WASHINGTON—Social Security union president, Witold Skwierczynski, today called on Congress to delay implementation of the new rules for processing disability claims until the full cost of the proposed changes – not just to SSA, but to the states and to the U.S. District Courts as well – can be determined. Additionally, the union recommended that the changes be implemented as a pilot program first. In testimony before the House Ways and Means Subcommittee on Social Security, Skwierczynski rejected a plan by Social Security Commissioner Jo Anne B. Barnhart to change the process by which Americans are evaluated for disabling conditions and by which claimants may appeal a denial of benefits. Implementation of the new rules is scheduled to begin August 1.
AFGE long has argued that the new rules do little to improve service to disabled Americans while virtually guaranteeing that the entire disability application process will become more litigious. Under Barnhart’s plan, the Social Security Administration would hire an army of attorneys to evaluate denied cases as they come in the door from the state officials who make the initial determination of eligibility.
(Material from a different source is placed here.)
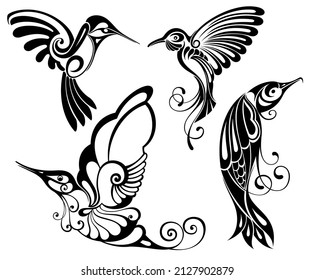 Dibujo vectorial de diseño Hummingbird, plantilla de logotipo Creative Hummingbird, símbolo de icono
“It’s never a good sign when someone says ‘I want you to meet my lawyer,’ but that exactly how these new rules would greet disabled Americans who appeals their case in the event of a denial by state officials,” said Skwierczynski. “The entire plan is a misplaced, misguided effort. The real focus should have been on correcting the disparity of disability approval rates from state to state. Approval of federal benefits should not depend on in which state an American lives.”
Skwierczynski cited SSA data on disability benefit approval rates from state to state. In Maryland only 35 percent of disability claims are approved compared to 53 percent for the District of Columbia. Eight states have approval rates that are less than 30 percent (Tennessee, South Carolina, Georgia, Mississippi, Ohio, Alabama, Missouri, and Oregon).
Skwierczynski said service to the public, including disabled Americans, will be harmed further by a new policy of replacing only 1 field office employee for every 8 who leave. According to Skwierczynski, every other segment of SSA has a higher ratio for filling vacancies. In some offices the number of staff is actually growing.
“SSA is a people-intensive agency. Our members interact with the public face-to-face or over the phone, answering questions, taking claims and providing other assistance. The agency has become increasingly short staffed in recent years. With the oncoming baby boomer retirement tidal wave, now is the absolutely wrong time to cut staffing levels at SSA,” said Skwierczynski.